Direktur Penyidikan Jaksa Agung Muda Pidana Khusus Kejagung, Supardi mengatakan bahwa ketiga unit mobil itu disita setelah tim penyidik Kejagung menggeledah kediaman tersangka Muddai Madang selaku Komisaris Utama PT PDPDE Gas dan tersangka A. Yaniarsyah Hasan selaku Direktur PT DKLN di wilayah DKI Jakarta.
"Kendaraan itu disita dari kediaman dua tersangka di wilayah Jakarta Selatan," kata Supardi kepada Bisnis di Jakarta, Rabu (13/10/2021).
Supardi menjelaskan bahwa alasan tim penyidik Kejagung menyita tiga unit mobil milik dua orang tersangka itu karena diduga pembelian tiga mobil tersebut berasal dari uang hasil korupsi.
"Kendaraan itu dibeli diduga menggunakan uang hasil korupsi pembelian gas bumi," ujarnya.

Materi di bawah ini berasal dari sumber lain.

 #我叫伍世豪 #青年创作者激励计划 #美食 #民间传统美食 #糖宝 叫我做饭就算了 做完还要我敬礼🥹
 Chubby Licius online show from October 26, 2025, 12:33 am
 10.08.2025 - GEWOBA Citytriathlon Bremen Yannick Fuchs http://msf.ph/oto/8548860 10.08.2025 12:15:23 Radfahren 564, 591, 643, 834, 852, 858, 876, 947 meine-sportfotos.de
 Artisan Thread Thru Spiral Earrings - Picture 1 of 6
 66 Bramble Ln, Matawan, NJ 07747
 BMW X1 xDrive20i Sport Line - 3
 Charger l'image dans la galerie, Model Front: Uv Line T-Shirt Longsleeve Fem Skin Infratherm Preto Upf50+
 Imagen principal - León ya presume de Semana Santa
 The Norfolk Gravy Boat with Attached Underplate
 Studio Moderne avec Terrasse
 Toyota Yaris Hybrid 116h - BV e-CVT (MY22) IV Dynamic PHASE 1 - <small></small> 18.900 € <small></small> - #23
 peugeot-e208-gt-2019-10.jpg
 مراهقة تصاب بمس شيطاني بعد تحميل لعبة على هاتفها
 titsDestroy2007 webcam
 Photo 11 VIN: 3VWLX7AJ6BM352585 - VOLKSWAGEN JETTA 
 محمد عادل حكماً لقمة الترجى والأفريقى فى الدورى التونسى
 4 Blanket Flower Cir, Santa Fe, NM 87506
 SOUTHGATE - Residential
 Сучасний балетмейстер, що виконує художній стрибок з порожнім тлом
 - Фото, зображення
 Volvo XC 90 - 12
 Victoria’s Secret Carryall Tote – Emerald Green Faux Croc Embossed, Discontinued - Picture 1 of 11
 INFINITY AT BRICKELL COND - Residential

Dalam perkara tersebut, tim penyidik Kejagung telah menetapkan beberapa orang tersangka yaitu eks Gubernur Sumatra Selatan Alex Noerdin, Muddai Madang, A. Yaniarsyah Hasan dari Dirut PT PDPDE Gas Caca Isa Saleh S.
Seperti diketahui, perkara korupsi tersebut berawal dari perjanjian jual beli gas bagian negara antara KKS Pertamina Hulu Energi (PHE), Talisman dan Pacific Oil dengan Pemprov Sumsel.
Hak jual ini merupakan participacing interest PHE 50 persen, Talisman 25 persen, dan Pacific Oil 25 persen yang di berikan dalam rangka untuk meningkatkan pendapatan asli daerah Pemprov Sumsel.
Namun, pada praktiknya, bukan Pemprov Sumsel yang menikmati hasilnya, tapi PDPDE Gas yang merupakan rekanan yang diduga telah menerima keuntungan fantastis selama periode 2011-2019.
PDPDE Sumsel yang mewakili Pemprov Sumsel hanya menerima total pendapatan kurang lebih Rp38 miliar dan dipotong utang saham Rp8 miliar. Bersihnya kurang lebih Rp30 miliar selama 9 tahun. Sebaliknya, PT PDPDE Gas mendapatkan banyak keuntungan dari penjualan gas bagian negara ini.
Diduga selama kurun waktu 8 tahun, pendapatan kotor sekitar Rp977 miliar, dipotong dengan biaya operasional, bersihnya kurang lebih Rp711 miliar.